■ Aim of the task
Tally how many lines in the data below include "photo", then please reply with only that figure.

▼▼▼

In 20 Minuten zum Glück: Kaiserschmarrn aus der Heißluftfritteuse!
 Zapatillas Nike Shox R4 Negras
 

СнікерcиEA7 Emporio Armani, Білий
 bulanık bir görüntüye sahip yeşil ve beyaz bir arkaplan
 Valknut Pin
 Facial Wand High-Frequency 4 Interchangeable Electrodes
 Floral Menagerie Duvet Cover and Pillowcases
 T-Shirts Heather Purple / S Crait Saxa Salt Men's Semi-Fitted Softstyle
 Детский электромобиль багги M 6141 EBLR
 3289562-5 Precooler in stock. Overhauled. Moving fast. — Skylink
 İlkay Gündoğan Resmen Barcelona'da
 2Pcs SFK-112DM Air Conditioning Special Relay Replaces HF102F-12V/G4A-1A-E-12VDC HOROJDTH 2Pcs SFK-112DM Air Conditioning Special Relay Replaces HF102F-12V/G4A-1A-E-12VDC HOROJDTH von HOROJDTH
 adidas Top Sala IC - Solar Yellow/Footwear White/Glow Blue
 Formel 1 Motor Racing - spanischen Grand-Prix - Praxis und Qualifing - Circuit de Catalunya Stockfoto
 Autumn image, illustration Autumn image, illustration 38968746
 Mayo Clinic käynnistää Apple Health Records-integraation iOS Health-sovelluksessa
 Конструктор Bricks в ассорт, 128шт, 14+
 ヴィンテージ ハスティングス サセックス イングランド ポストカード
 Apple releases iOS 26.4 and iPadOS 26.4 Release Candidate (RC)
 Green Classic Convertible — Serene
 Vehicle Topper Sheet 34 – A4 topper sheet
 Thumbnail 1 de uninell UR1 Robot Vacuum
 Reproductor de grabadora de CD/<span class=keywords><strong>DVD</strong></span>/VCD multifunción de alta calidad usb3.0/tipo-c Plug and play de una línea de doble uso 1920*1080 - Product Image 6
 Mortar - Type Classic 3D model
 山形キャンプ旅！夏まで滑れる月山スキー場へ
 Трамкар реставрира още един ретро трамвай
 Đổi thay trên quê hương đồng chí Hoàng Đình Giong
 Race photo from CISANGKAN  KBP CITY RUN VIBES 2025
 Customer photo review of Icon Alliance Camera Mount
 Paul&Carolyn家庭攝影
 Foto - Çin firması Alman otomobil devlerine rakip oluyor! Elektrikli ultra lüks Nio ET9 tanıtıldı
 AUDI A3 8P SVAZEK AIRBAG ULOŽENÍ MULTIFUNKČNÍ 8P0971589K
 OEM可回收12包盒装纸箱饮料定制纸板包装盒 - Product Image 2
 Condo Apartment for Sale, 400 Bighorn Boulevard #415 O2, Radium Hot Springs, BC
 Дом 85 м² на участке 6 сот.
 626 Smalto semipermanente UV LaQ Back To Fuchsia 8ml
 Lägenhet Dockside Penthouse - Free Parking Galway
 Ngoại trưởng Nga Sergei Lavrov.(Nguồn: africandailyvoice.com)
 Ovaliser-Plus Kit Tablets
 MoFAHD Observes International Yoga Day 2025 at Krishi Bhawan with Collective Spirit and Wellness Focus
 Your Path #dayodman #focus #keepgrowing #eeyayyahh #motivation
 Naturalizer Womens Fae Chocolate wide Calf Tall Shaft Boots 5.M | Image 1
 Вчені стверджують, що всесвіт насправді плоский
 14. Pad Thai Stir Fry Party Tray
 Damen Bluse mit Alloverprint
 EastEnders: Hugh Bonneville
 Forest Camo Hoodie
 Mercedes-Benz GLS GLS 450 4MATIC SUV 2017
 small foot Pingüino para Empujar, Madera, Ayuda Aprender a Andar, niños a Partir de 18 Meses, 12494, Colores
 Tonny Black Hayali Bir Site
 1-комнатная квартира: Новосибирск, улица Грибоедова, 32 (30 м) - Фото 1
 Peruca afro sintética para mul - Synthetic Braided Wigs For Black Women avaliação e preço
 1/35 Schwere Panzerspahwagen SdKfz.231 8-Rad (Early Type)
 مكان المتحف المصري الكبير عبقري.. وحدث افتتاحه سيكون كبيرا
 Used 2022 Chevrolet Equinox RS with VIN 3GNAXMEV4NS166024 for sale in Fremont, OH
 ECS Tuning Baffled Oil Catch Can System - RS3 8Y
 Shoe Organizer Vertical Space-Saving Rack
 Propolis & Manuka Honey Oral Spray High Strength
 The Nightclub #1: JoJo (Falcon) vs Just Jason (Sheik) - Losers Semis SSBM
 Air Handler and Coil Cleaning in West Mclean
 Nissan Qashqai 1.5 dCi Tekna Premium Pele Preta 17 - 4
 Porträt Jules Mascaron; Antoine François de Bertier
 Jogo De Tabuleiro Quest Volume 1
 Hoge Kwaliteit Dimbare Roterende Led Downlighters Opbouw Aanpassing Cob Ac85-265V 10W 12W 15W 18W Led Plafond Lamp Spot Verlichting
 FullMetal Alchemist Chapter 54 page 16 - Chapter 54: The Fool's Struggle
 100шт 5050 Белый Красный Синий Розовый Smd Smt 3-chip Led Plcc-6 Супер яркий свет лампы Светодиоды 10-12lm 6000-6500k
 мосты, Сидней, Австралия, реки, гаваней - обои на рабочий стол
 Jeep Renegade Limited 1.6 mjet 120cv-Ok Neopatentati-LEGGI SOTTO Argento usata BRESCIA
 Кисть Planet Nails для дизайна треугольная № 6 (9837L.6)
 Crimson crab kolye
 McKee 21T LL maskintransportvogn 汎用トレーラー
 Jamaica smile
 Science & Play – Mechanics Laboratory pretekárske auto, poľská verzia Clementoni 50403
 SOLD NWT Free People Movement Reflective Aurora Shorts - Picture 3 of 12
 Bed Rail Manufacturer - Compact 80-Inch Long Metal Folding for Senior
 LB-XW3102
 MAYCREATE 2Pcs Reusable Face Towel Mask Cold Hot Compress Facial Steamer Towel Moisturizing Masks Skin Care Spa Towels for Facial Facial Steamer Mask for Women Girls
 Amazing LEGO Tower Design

▲▲▲

■ Reply
2